> _WORK INSTRUCTIONS_
Every line below should be copied exactly; drop the pictures.

> _INFORMATION SHOWN_
Content starts
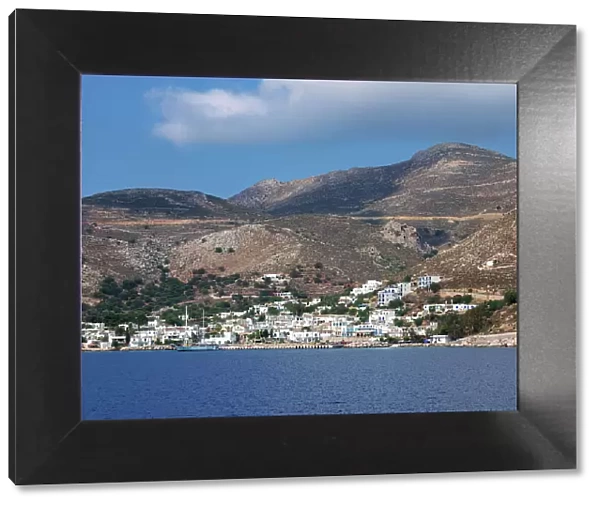 View towards Livadia Village, Tilos Island, Dodecanese, Greek Islands, Greece, Europe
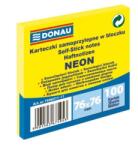 DONAU neon jegyzettömb, 76 x 76 mm, sárga, 100 lap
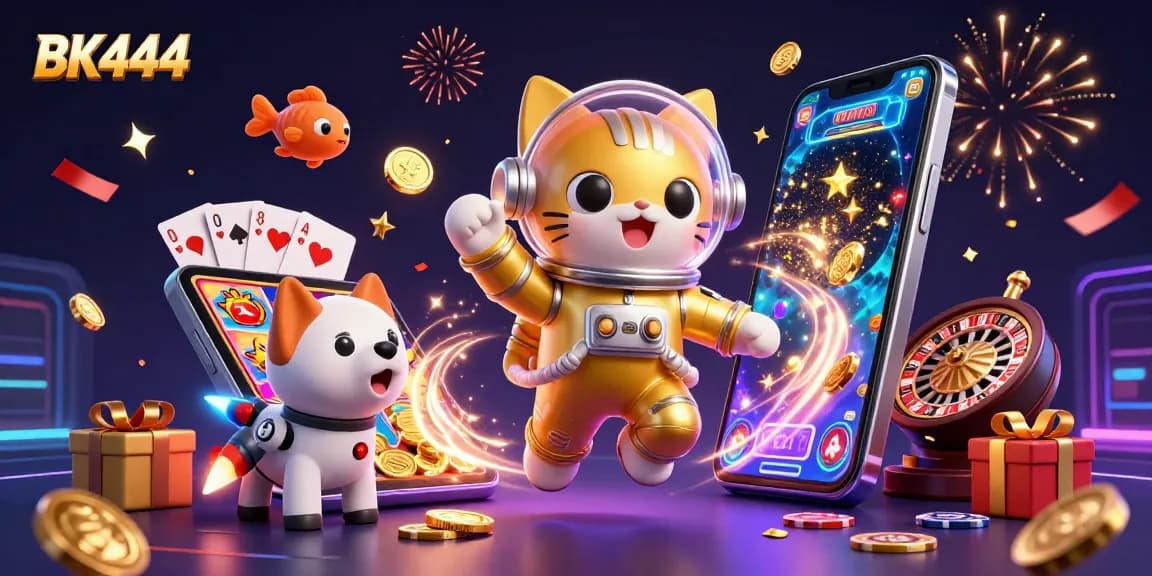 Experience thrilling gaming at BK444 with colorful slots, golden coins, and lively characters.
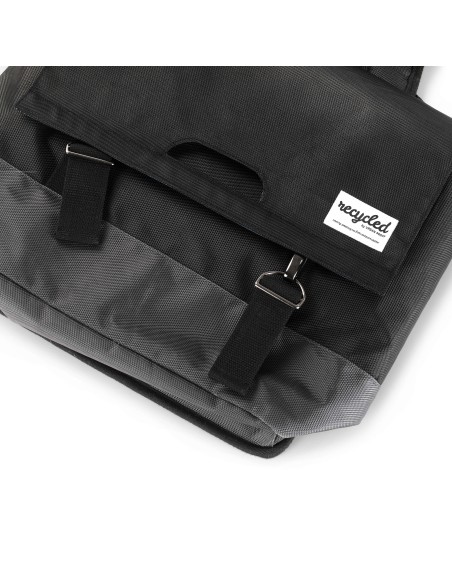 Urban Proof fietstas dubbel recycled zwart grijs 55L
Content ends
> _ANSWER_
 View towards Livadia Village, Tilos Island, Dodecanese, Greek Islands, Greece, Europe
 DONAU neon jegyzettömb, 76 x 76 mm, sárga, 100 lap
 Experience thrilling gaming at BK444 with colorful slots, golden coins, and lively characters.
 Urban Proof fietstas dubbel recycled zwart grijs 55L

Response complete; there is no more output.